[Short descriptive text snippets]
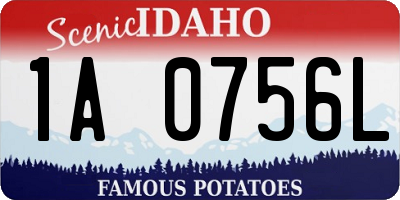 ID license plate 1A0756L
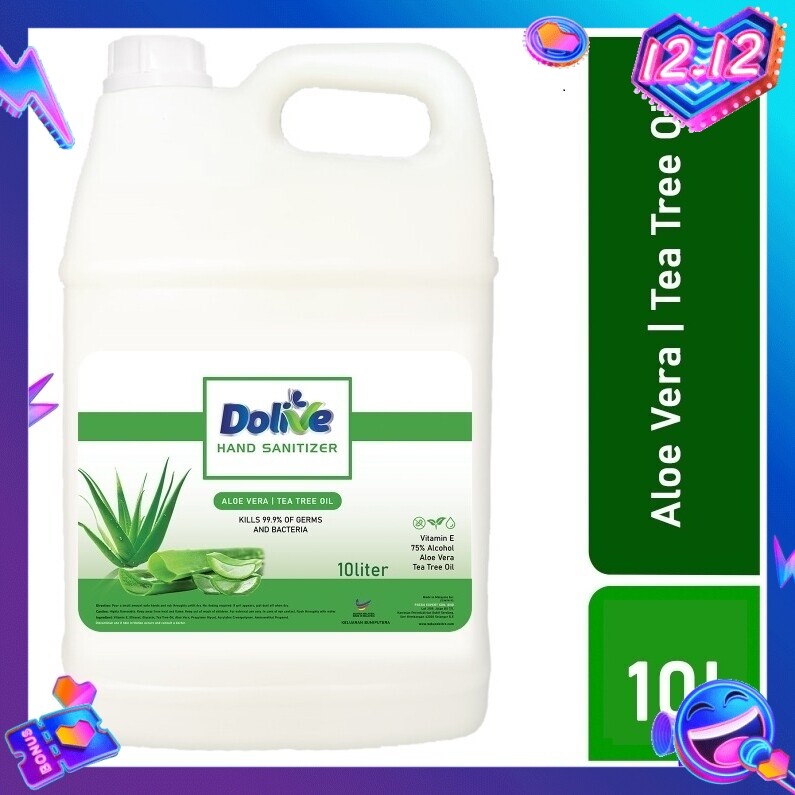Gambar Dolive 10L GEL LIQUID Hand Sanitizer [Free Bottle and Manual Pump] (Hand Sanitiser   Cecair Sanitasi   Pembersih Tangan   ???)
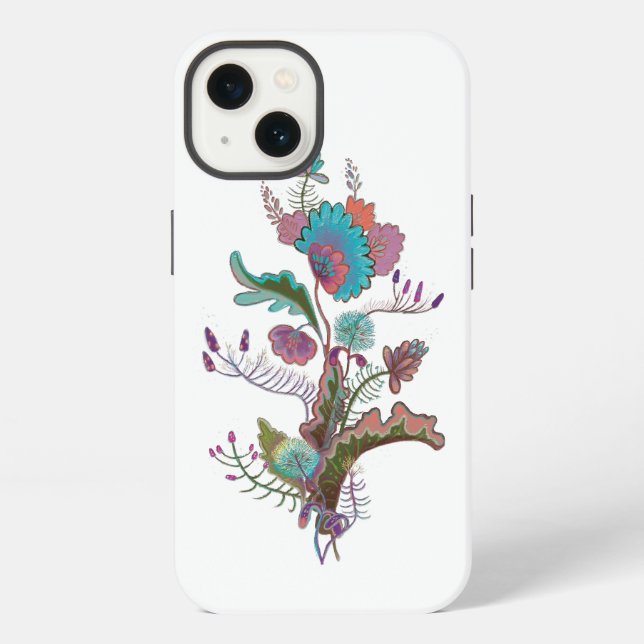 decorative plants illustration  iPhone case (Back)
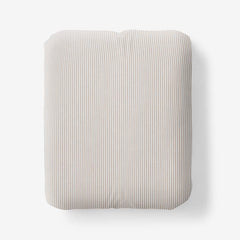 Classic Stripes and Plaids Cool Yarn-Dyed Cotton Percale Fitted Bed Sheet - Stripe Tan, Queen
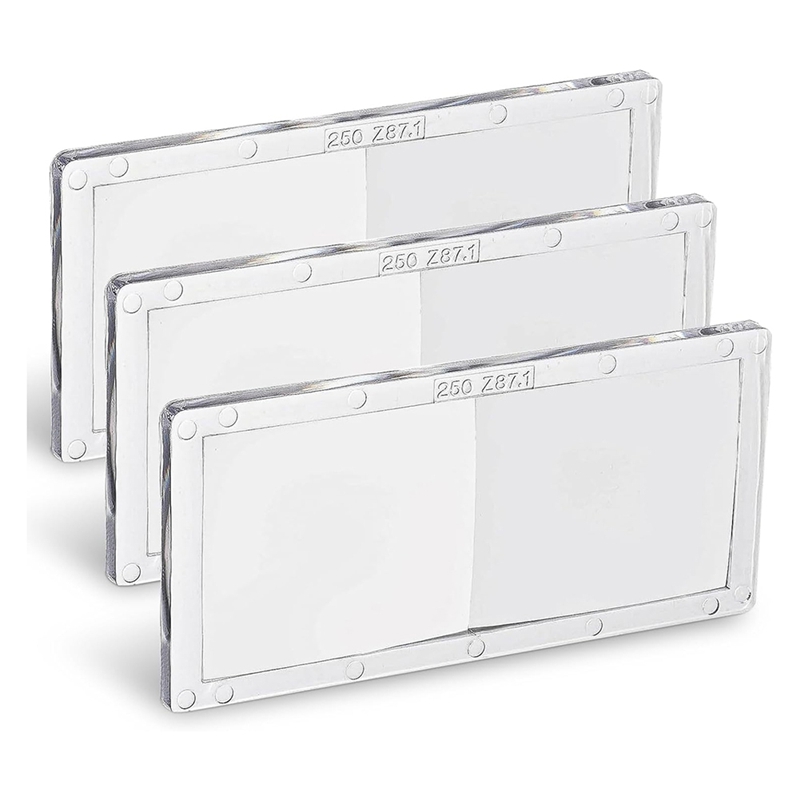 Eye Piece Magnifier - Y51A-3Pcs capacete de soldagem lente de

> Task objective
A verbatim copy of all the records, minus the pictures, is the expected answer.

> Solution for this task
 ID license plate 1A0756L
Gambar Dolive 10L GEL LIQUID Hand Sanitizer [Free Bottle and Manual Pump] (Hand Sanitiser   Cecair Sanitasi   Pembersih Tangan   ???)
 decorative plants illustration  iPhone case (Back)
 Classic Stripes and Plaids Cool Yarn-Dyed Cotton Percale Fitted Bed Sheet - Stripe Tan, Queen
 Eye Piece Magnifier - Y51A-3Pcs capacete de soldagem lente de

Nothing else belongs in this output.